Brave man, and he expressed well a resistance I’ve felt in my librarian colleagues near and far as long as I’ve been running IRs. Why do you collect that, they ask without asking. IRs established alongside established digital-library programs suffer worse, the parvenu being simply too declassé to mention in the same breath as library-blessed digital collections. The funny thing is, in a lot of these situations I suspect the digital library was resisted for a long time too; I suppose I can only shrug and be mildly pleased that IRs legitimize digital libraries by being the next target of scorn.

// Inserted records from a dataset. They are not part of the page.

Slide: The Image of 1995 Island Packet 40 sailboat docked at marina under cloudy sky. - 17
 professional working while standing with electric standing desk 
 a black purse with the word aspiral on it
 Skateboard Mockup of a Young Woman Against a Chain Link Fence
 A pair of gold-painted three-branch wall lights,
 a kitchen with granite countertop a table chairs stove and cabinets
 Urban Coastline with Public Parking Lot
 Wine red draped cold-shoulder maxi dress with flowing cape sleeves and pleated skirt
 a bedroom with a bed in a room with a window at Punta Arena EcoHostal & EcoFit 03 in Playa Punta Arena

The thing is, if libraries are going to involve themselves in digital curation, we’ll have to get over our yen for authority and finality. Even, dare I say it, quality.
Part of the reason for this is that in many fields, data-quality standards haven’t been worked out yet. Cowboy data curators have to do their best and hope. Over time, this problem is likely to become less salient, which I expect will also lessen librarians’ resistance to data curation?but I doubt the issue will ever go entirely away.
A related part of the reason is that data authority is a vexed question, and in most cases (it seems to me) the data will have to be collected and cared for well before the question of authority can be resolved. We just won’t know what data are usefully authoritative until the researcher community has chewed them over a bit.
Part of the reason is that if we want decent-quality, well-described data, we just can’t sit around until it’s final. I’ve any number of war stories about stupid data that didn’t have to be stupid; its collectors just didn’t think through what they were doing until it was much, much too late. A librarian?any librarian!?could have asked the right questions and pointed to some of the right answers, but only early enough in the process to ensure that librarianly insights made it into the data-gathering process.
Sometimes, for all our best efforts, we’ll find a dataset that needed an intervention that it didn’t get. Sometimes, we’ll have to sigh and take it anyway. Irreplaceability is one cogent reason to do so.
I expect that many librarians will find this an unpalatable set of outlook changes. The only counter I have is that they are necessary outlook changes if we are to participate in this service cluster.